Vamos denunciá-lo, vamos desfazê-lo e assim nos vingaremos dele (20,10) – ameaçava a multidão. Este homem merece a morte porque profetizou contra esta cidade, como ouvistes todos (26,22) – diziam os sacerdotes do templo de Jerusalém. Os que eram meus amigos espiam agora os meus passos (20.10) – lamentava-se o profeta.
O sacerdote Pachiur mandou [um dia] espancar o profeta e pô-lo no cepo da prisão (20,2), e o rei Sedecias deu ordens no sentido de que ficasse retido no pátio da guarda (37,21). Mas os dignatários disseram ao rei: “Morra este homem que desmoraliza os soldados e o povo da cidade com os seus discursos”… e prenderam-no na cisterna … que não tinha água, só lodo. E Jeremias ficou atolado no lodo (38,4-6).

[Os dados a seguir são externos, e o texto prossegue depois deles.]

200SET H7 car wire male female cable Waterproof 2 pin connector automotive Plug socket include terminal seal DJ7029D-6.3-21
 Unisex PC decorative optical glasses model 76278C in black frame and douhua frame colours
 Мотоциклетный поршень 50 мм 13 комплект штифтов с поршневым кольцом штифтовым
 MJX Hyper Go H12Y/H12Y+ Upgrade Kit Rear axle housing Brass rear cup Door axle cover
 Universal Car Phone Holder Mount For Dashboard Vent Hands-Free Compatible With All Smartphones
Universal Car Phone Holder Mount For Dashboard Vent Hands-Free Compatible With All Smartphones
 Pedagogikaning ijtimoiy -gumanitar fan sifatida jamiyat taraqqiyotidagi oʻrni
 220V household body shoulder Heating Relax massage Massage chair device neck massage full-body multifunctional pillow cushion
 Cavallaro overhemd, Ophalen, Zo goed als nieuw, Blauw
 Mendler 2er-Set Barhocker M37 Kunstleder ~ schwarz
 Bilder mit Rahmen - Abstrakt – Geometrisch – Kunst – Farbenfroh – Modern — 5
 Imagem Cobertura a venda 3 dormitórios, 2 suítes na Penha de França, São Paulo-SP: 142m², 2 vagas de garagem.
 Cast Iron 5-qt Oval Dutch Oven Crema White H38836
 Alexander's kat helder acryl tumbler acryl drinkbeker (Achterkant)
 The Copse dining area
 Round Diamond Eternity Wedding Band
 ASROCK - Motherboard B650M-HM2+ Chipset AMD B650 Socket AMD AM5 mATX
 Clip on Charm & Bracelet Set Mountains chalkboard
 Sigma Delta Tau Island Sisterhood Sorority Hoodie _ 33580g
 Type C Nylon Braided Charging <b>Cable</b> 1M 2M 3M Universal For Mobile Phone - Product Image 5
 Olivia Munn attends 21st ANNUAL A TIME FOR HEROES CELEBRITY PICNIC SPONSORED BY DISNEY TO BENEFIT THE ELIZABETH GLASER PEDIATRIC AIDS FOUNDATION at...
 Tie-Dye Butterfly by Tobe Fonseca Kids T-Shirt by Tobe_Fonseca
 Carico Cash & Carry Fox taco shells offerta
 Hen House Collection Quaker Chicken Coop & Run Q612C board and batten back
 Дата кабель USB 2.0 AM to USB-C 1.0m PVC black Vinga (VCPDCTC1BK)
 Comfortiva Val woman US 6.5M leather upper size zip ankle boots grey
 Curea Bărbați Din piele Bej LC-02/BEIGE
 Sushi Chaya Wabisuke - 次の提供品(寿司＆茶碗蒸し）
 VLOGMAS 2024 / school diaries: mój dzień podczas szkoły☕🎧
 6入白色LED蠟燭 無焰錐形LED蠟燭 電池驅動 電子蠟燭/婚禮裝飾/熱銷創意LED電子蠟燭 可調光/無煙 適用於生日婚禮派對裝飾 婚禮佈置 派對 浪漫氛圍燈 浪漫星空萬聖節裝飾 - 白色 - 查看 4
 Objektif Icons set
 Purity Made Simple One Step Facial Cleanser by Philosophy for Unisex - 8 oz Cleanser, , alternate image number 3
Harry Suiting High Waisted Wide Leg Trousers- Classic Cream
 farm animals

A oração do profeta foi então assim: Tu, Senhor, que sabes tudo, lembra-te de mim, ampara-me e vinga-me dos que me perseguem; que eu não seja apanhado por eles (15.15); Escuta o que dizem os meus adversários. É assim que pagas o mal com o bem? Abriram uma cova para me tirarem a vida. Lembra-te de que me apresentei diante de ti a interceder por eles, a afastar deles a tua cólera (18,19-20); Seduziste-me, Senhor, e eu deixei. Dominaste-me e venceste. Mas agora eu sou objeto de contínua chacota, toda a gente escarnece de mim. Sempre que falo é para dizer Violência!, Opressão!. A tua Palavra tornou-se para mim motivo de insultos e escárnios, dia atrás de dia … Mas eu sei, Senhor, que estás comigo como poderoso guerreiro (20,7-18).
Numa época de infidelidade à Aliança, tocou a Jeremias uma tarefa difícil, a de anunciar um castigo de Deus. Tão difícil que, quando uma vez Jesus perguntou aos discípulos o que dele diziam dele, eles responderam “Uns dizem que és Jeremias…!” (Mt 16,14).